### YOUR ASSIGNMENT
Give back exactly the lines from the one that holds "Ami Paris Knitwear Gray, Herr" through the final line of the data; omit the pictures and add nothing.

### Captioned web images
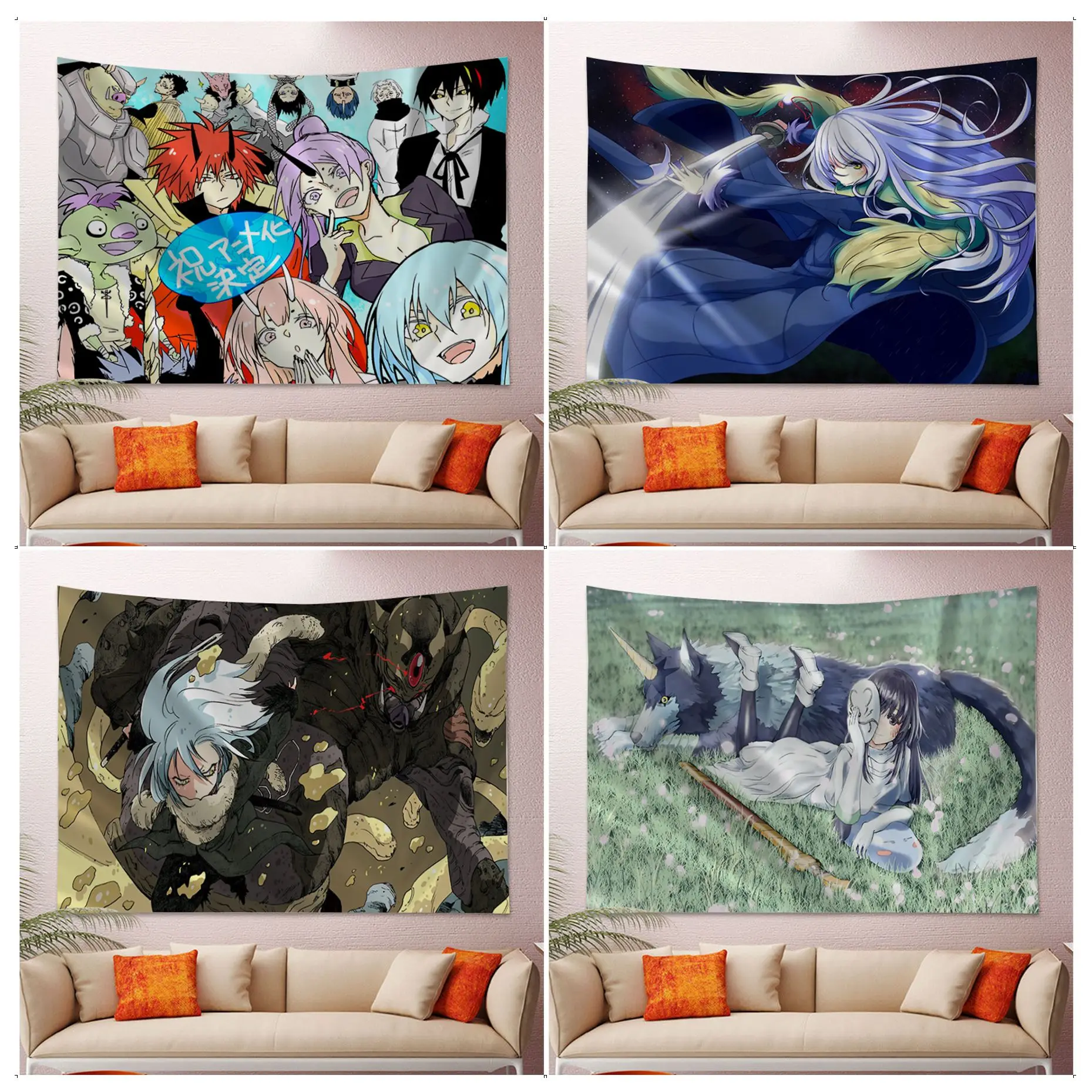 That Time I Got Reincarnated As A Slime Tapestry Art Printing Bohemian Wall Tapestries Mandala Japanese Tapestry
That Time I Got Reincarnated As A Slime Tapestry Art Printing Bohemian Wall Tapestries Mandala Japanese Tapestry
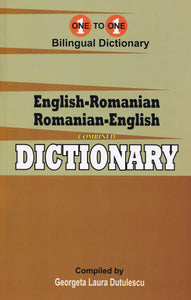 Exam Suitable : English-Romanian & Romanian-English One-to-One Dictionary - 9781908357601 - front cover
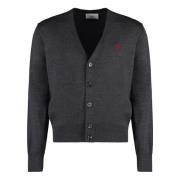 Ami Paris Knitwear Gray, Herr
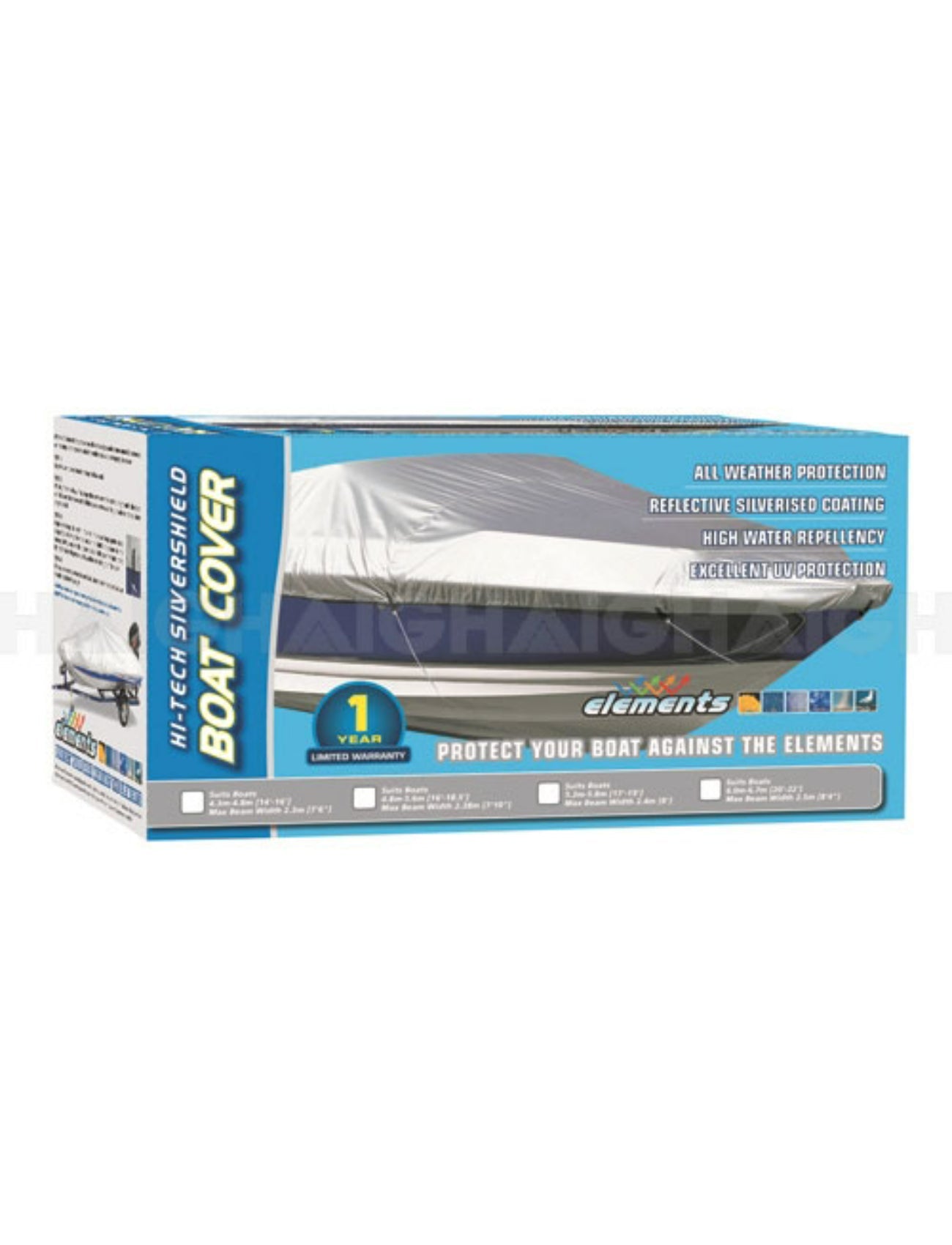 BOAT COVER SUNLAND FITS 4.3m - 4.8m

### ANSWER SPACE
 Ami Paris Knitwear Gray, Herr
 BOAT COVER SUNLAND FITS 4.3m - 4.8m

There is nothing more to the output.